Tenant friendly commercial lease arrangements are not the norm

20 Sep 2021 03:46 PM

This is part 1 of our series on ‘Getting to tenant friendly lease arrangements’

The pandemic highlighted how harmful ‘tenant unfriendly’ lease arrangements can be for occupiers as lease commitments continued despite interrupted usage of the leased premises.  In this article a group of LPC advisors share their insights into why ‘tenant friendly’ lease arrangements can be elusive for many commercial occupiers.  In the follow-on articles our advisors share vital lessons learnt about how to navigate the road towards more ‘tenant friendly’ lease arrangements.


Perspective 1 - ‘Know your opposition’

“We do not pass to move the ball, we pass to move the opposition”
-    Pep Guardiola (Manchester City coach - 2016 to present)

For a commercial tenant to get to a tenant friendly lease arrangement it is vital that one knows what one is up against.  At LPC we like Pep Guardiola’s perspective, because our aim is to ‘move the opposition’ so that more and more commercial occupiers end up with more ‘tenant friendly’ lease arrangements that better support their respective organisations.  We are unashamedly biased in favour of commercial tenants who need all the help they can get in an industry largely controlled by the supply side, and our strategies to ‘move the opposition’ are built on an understanding of the players and the rules of the game, with due recognition of these facts:

    That the interests of owners and tenants are diametrically opposed, such that every benefit that one party negotiates is normally a negative for the other party
    That the supply side is concentrated, and the demand side is fragmented, such that owners have far more influence on the norm for lease arrangements,
    That there is a lack of transparency about leasing arrangements, such that landlords have far more access to and control over leasing terms than tenants do.

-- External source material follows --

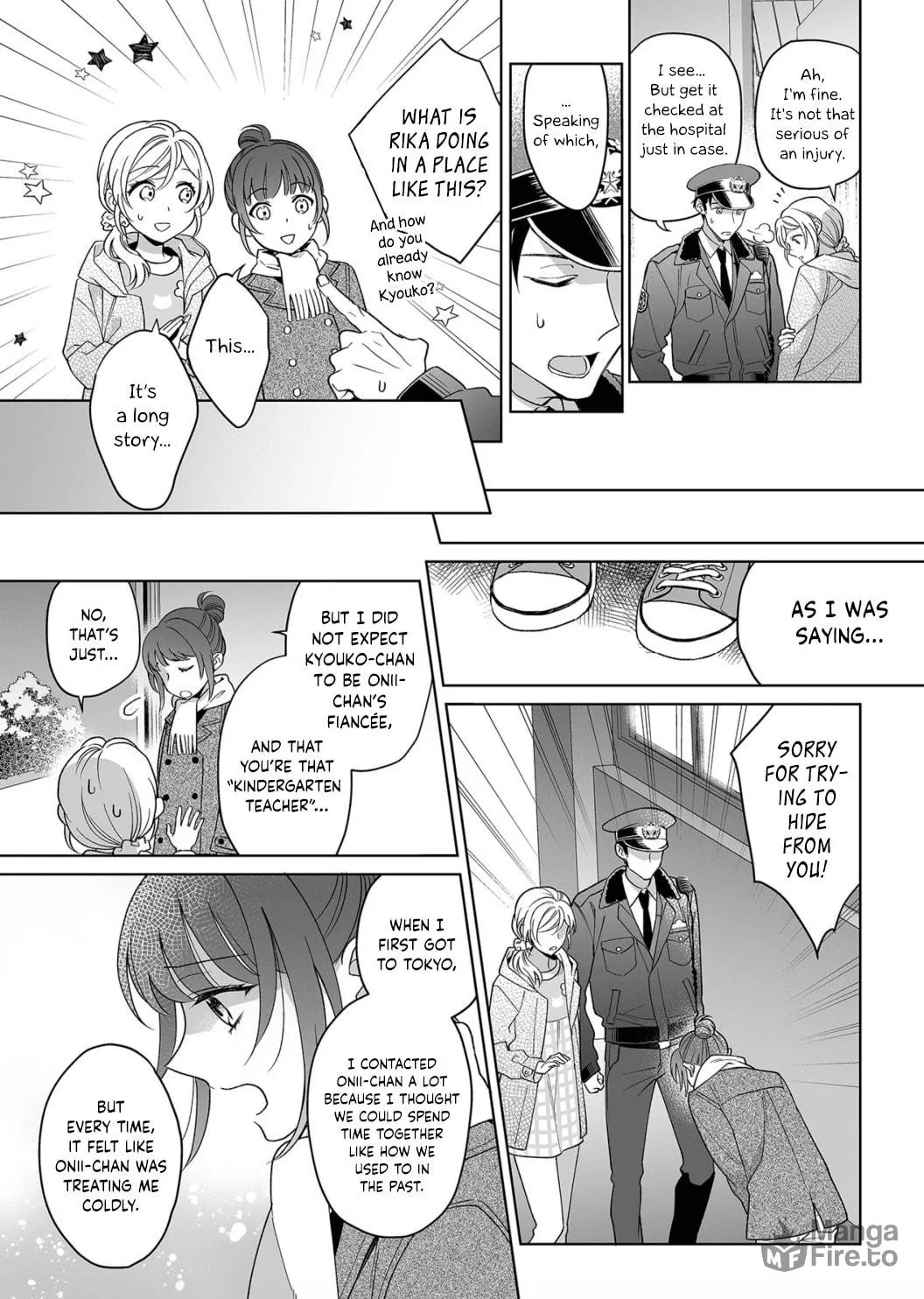 Goukon Aite wa Nikushoku Keikan?! Chapter 13 page 20 - 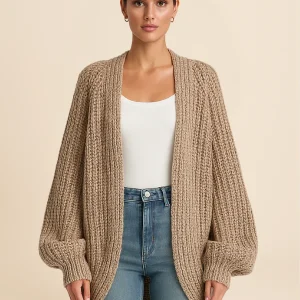Cosy Maille | Women's Oversized Knitted Long Vest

Acknowledgement of these facts help an occupier when formulating a strategy to optimise a multi-site portfolio of leased premises and / or when implementing a transaction strategy relating to a single site requirement.  An understanding of the structure of the commercial leasing sector and of the vested interests of the players, enable an occupier to better understand the opposition and their strategies, and to better appreciate how to ‘move the opposition’ in the direction of more tenant friendly outcomes.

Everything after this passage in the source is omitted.